=== AIM OF THE EXERCISE ===
Your response should contain only the lines running from the top of the data below through the line with "Hello my dear", both included. Pictures must be omitted.

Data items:
•••••

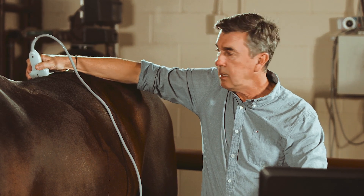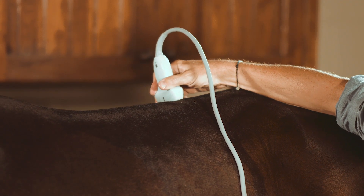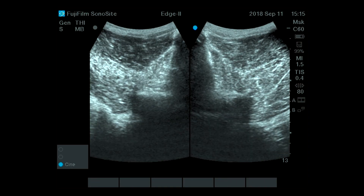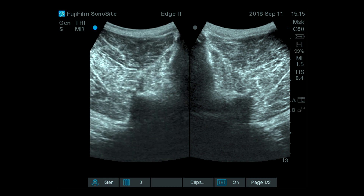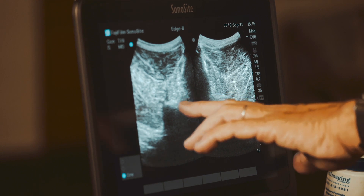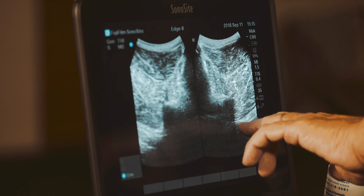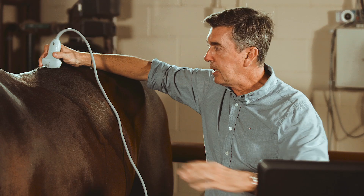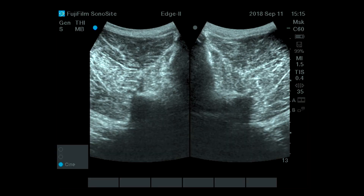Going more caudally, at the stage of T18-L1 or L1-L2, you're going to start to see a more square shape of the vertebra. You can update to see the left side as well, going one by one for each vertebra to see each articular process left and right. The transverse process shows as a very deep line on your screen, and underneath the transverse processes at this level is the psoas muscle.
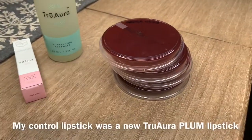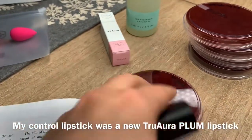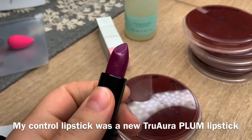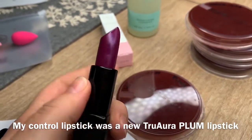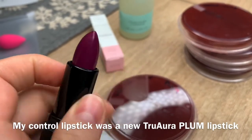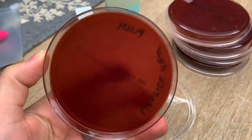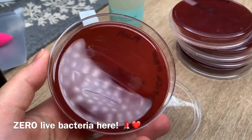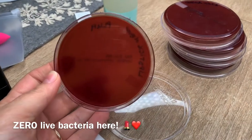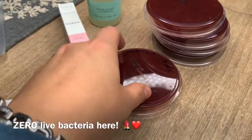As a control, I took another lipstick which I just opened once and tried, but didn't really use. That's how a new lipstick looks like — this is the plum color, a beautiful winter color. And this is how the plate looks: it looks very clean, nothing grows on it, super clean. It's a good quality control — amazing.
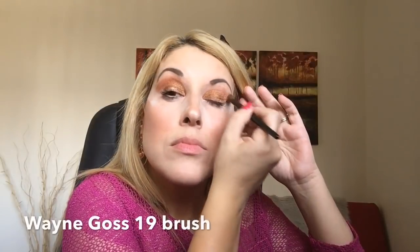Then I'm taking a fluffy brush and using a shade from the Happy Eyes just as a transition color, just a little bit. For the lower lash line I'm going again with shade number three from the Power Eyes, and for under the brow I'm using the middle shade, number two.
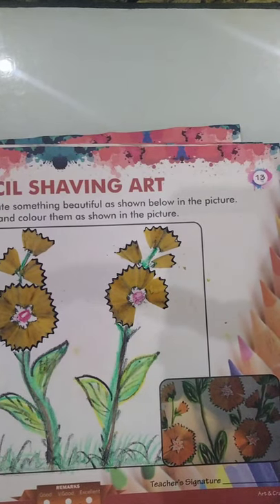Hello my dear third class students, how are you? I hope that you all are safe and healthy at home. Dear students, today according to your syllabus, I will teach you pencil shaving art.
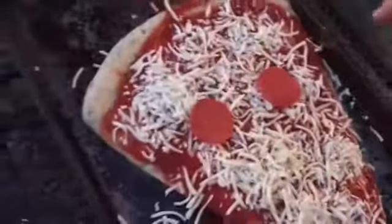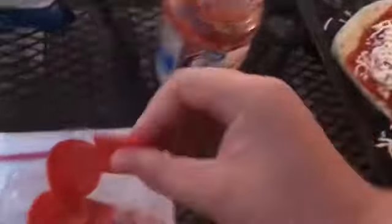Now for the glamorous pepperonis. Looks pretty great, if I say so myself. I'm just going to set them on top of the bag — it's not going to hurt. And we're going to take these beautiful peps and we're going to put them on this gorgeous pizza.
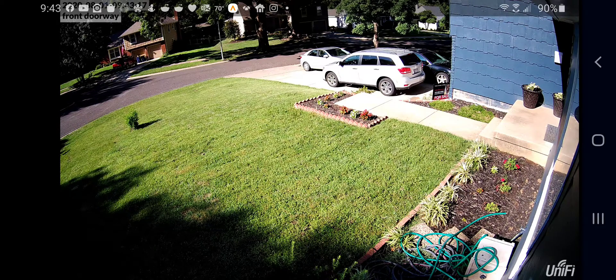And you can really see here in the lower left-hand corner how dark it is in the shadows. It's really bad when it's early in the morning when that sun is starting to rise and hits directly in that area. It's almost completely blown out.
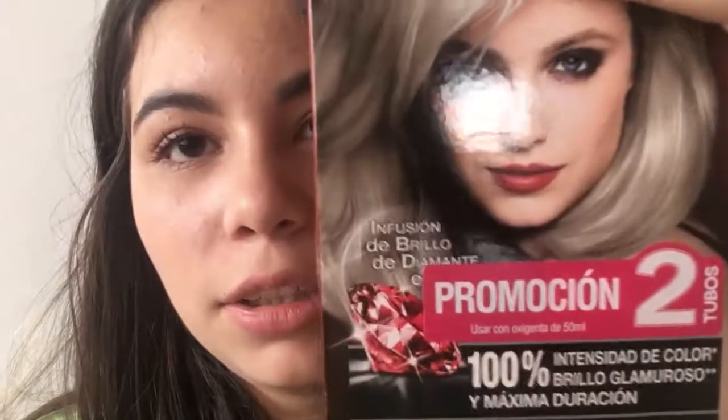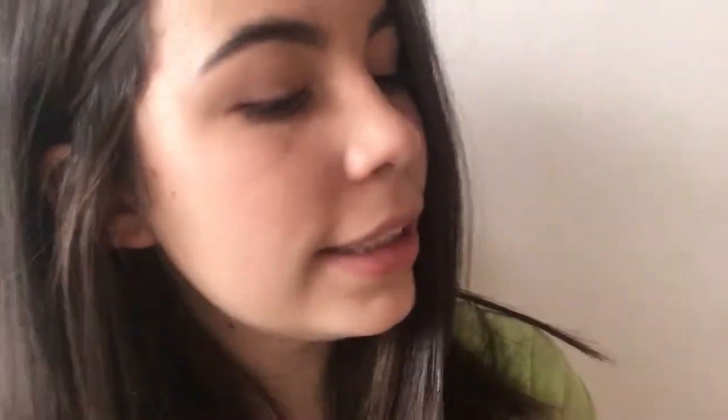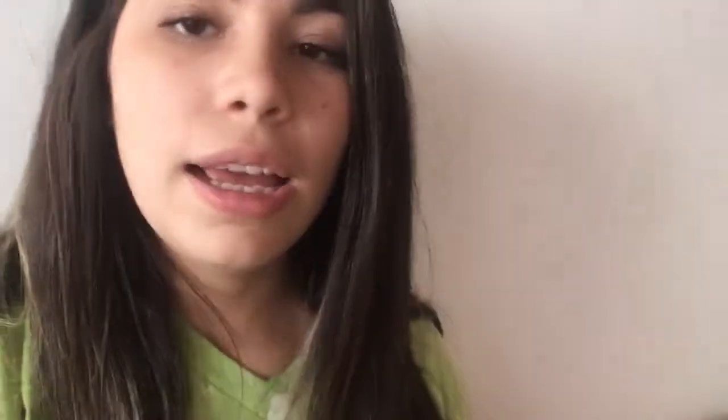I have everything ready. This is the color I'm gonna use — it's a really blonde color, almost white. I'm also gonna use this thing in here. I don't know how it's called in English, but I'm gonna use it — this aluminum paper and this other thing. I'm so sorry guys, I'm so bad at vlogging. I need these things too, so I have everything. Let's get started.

•••••

=== RESPONSE AREA ===
Going more caudally, at the stage of T18-L1 or L1-L2, you're going to start to see a more square shape of the vertebra. You can update to see the left side as well, going one by one for each vertebra to see each articular process left and right. The transverse process shows as a very deep line on your screen, and underneath the transverse processes at this level is the psoas muscle.
As a control, I took another lipstick which I just opened once and tried, but didn't really use. That's how a new lipstick looks like — this is the plum color, a beautiful winter color. And this is how the plate looks: it looks very clean, nothing grows on it, super clean. It's a good quality control — amazing.
Then I'm taking a fluffy brush and using a shade from the Happy Eyes just as a transition color, just a little bit. For the lower lash line I'm going again with shade number three from the Power Eyes, and for under the brow I'm using the middle shade, number two.
Hello my dear third class students, how are you? I hope that you all are safe and healthy at home. Dear students, today according to your syllabus, I will teach you pencil shaving art.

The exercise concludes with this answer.